Lo spostamento del baricentro e l'allargamento della sfera pubblica locale, dunque, non solo sono contrari agli indirizzi comunitari e all'orientamento nazionale, favorevoli alla dismissione delle gestioni pubbliche dirette, ma vengono in un momento di passaggio particolarmente delicato di Comuni e Province. Non vorremmo che si ricreassero in periferia quei bubboni (basti ricordare l'Efim) di cui con tanta difficoltà e con così alti costi ci siamo liberati al centro.
della nuova finanziaria finora passato silenzio
Il Senato riscopre il socialismo municipale. Il cosiddetto decretone omnibus, in aula in questi giorni per la conversione in legge, esclude dalla liberalizzazione energia elettrica, gas, trasporti locali, trasporti a fune. Rinvia per tutti i settori la liberalizzazione al 2006, con ulteriori proroghe fino al 2008-2009. Stabilisce un particolare regime per le attività svolte «in house». Le prime due decisioni sono quelle destinate a produrre gli effetti economici più rilevanti. La terza è, invece, quella più singolare dal punto di vista giuridico. Si consente a enti pubblici locali di svolgere, attraverso società per azioni, in monopolio, ogni genere di attività, a condizione che gli enti locali esercitino sulle società un controllo analogo a quello svolto sui propri servizi e che le società realizzino la parte più importante della propria attività con l'ente pubblico.
È una formula ambigua e pericolosa. Si presta a molti abusi, per la sua latitudine. È presa in prestito dagli appalti pubblici e applicata ai servizi pubblici, un settore al quale è logicamente estranea. Fornisce un altro esempio dell'abuso della società per azioni e del diritto privato, da parte della pubblica amministrazione.
Le disposizioni del cosiddetto decretone sui servizi pubblici locali iniziano bene, affermando che le modalità di gestione e affidamento dei servizi debbono assicurare la tutela della concorrenza. Continuano bene, prevedendo gare, sia per l'assegnazione dei servizi, sia per la scelta dei soci privati. Ma terminano male con eccezioni, deroghe e sotterfugi, per conservare, e anzi ampliare, il già troppo vasto e spesso mal gestito settore pubblico locale.
Perché questo neo socialismo municipale - temo voluto da destra, ma gradito a sinistra - è pericoloso?

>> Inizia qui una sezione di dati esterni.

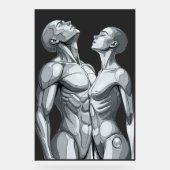 Android Union:Cyborg Couple Large Acrylic Wall Art Acryl Bord (Voorkant)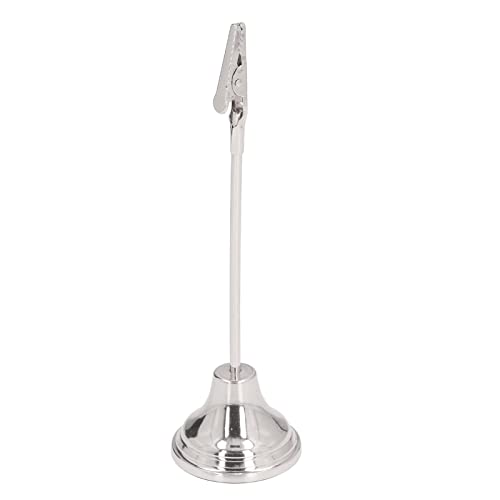 Tbest und Attraktiver Tischnummernhalter, Fotoständer, Kartenständer, Karte, Platzkartentischdekor für Büro (SILVER) von Tbest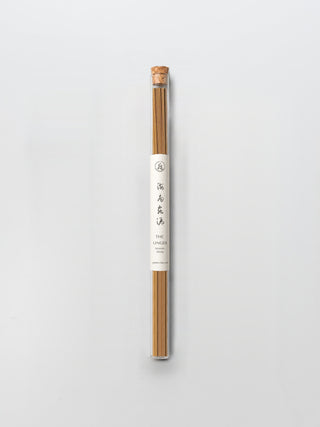 THE LINGER incense sticks in a cork-stoppered glass tube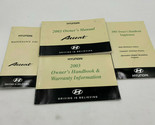 2003 Hyundai Accent Owners Manual Handbook OEM K01B08008 - $14.84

Esso produce un ordinamento schizofrenico. Lo Stato diventa leggero al centro, pesante alla periferia. Le imprese pubbliche nazionali vengono privatizzate e i settori dominati da monopoli legali liberalizzati, così rispondendo al diritto comunitario. Invece, in periferia si lasciano vivere imprese pubbliche e si consente la loro espansione, nonostante che nel 2000 e nel 2002 la Comunità europea abbia messo in mora l'Italia, richiedendo rapidi smantellamenti di monopoli locali e vendite delle imprese, per lasciare il potere pubblico locale nel ruolo di regolatore.
Contro l'indirizzo dell'Unione Europea, si conserva ed anzi si estende la gestione pubblica locale. E questo nel momento più pericoloso. Infatti, in questi anni, i poteri locali hanno guadagnato autonomia finanziaria e si sono liberati di controlli esterni (ciò che era auspicato da molti). Ma essi si trovano, ora, in una fase di passaggio. Hanno mezzi ed autonomia, ma non si sono ancora dotati di strutture interne capaci di controllare la spesa e la gestione.
Lo spostamento del baricentro e l'allargamento della sfera pubblica locale, dunque, non solo sono contrari agli indirizzi comunitari e all'orientamento nazionale, favorevoli alla dismissione delle gestioni pubbliche dirette, ma vengono in un momento di passaggio particolarmente delicato di Comuni e Province. Non vorremmo che si ricreassero in periferia quei bubboni (basti ricordare l'Efim) di cui con tanta difficoltà e con così alti costi ci siamo liberati al centro.